In 1932, Eaton returned to Calgary, where she became an active member of the artistic community, founding the Little Theatre Movement and serving as the president of the Calgary branch of the Canadian Authors' Association.[5]
In 1954, while returning home from a vacation in California, Eaton fell ill and died of heart failure in Butte, Montana.[11] Following her death, her husband donated funds to build the Reeve Theatre at the University of Calgary.[13]
Literary career
Eaton claimed to be only 14 when one of her stories was accepted for publication by a Montreal newspaper that had already published pieces by her sister. In fact, she was almost 20 when her story "A Poor Devil" was published in Metropolitan Magazine. Eaton left home at age 20 to take a job as a stenographer for a newspaper in Kingston, Jamaica. She remained there for less than a year, then moved to Cincinnati, Ohio, and then Chicago, Illinois, where for a time she worked as a typist while continuing to write short stories.[5] Eventually, her compositions were accepted by the prestigious Saturday Evening Post as well as by other popular periodicals. She published her first novel, Miss Nume of Japan capitalizing on her mixed ancestry to pass herself off as a Japanese American by the name of Onoto Watanna (which sounds Japanese but is not Japanese at all).

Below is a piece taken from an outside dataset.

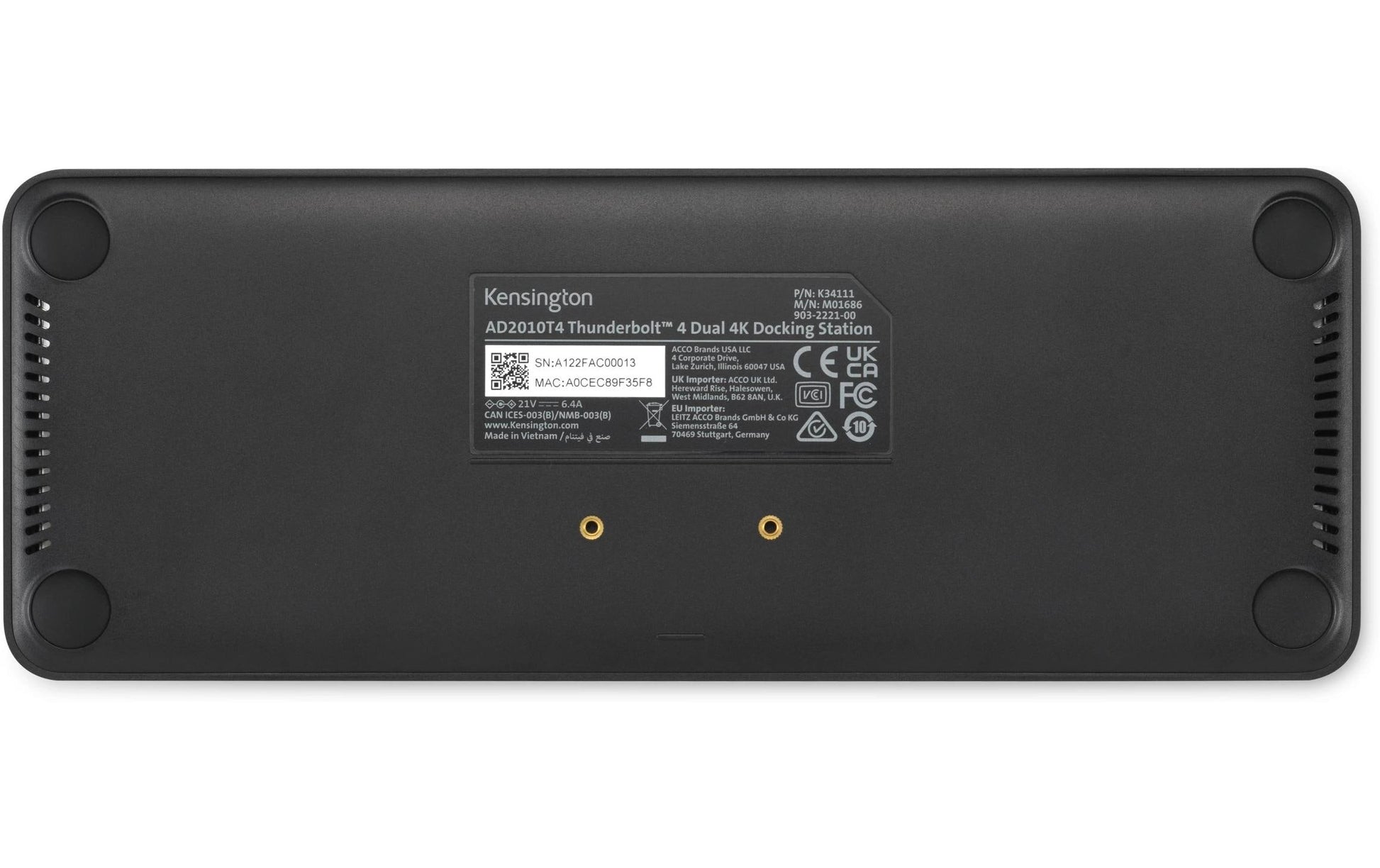 Kensington SD5760T Dockingstation – Thunderbolt 4, 2× HDMI, 4× USB-A, 1× USB-C, 96 W PD, GbE, für Windows/Mac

In 1900, Eaton moved to New York City, where her second major novel, A Japanese Nightingale, was published. It proved extremely successful, being translated into several languages and eventually adapted both as a Broadway play and then, in 1918, as a motion picture. Her novel Tama (1910) was a runaway bestseller and her novel Me, A Book of Remembrance, a thinly disguised memoir, told a titillating tale of a woman's infidelities. Under her Japanese pseudonym, Eaton published many romance novels and short stories and journalistic works that were widely read throughout the United States. Over the course of her 40-year career, Eaton also had articles published in many popular magazines in the United States, including the Ladies' Home Journal and Harper's Monthly.

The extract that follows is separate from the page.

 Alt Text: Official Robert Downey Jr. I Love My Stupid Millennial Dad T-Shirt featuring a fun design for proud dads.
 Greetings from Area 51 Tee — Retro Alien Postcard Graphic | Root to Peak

In collaboration with her sister Sara Eaton Bosse, Eaton published the Chinese-Japanese Cookbook in 1914. The authors preface their history of Asian food and a representative selection of recipes with the reassurance that "When it is known how simple and clean are the ingredients used to make up these oriental dishes, the Westerner will cease to feel that natural repugnance which assails one when about to taste a strange dish of a new and strange land."[14]

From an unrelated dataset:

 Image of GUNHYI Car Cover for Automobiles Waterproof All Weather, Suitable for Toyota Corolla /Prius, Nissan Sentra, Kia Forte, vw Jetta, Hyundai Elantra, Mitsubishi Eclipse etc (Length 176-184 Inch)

After marrying Frank Reeve and moving to Alberta, Eaton continued to write fiction and journalism, mostly with an Albertan focus. She returned to New York in 1924 to work in the burgeoning film industry, and in 1925, she moved to Hollywood to lead Universal Studio's scenario department. She is credited on six films, all produced by Universal; her work on many others remains uncredited.[15]
Eaton's publications, including all her novels, have been collected in the Winnifred Eaton Archive.
Partial bibliography
- His Royal Nibs (1925)
- Cattle (1923)
- Sunny-San (1922) [16]
- Marion: The Story of an Artist's Model (1916)
- Me: A Book of Remembrance (1915)
- Chinese-Japanese Cook Book (with Sara Eaton Bosse, 1914)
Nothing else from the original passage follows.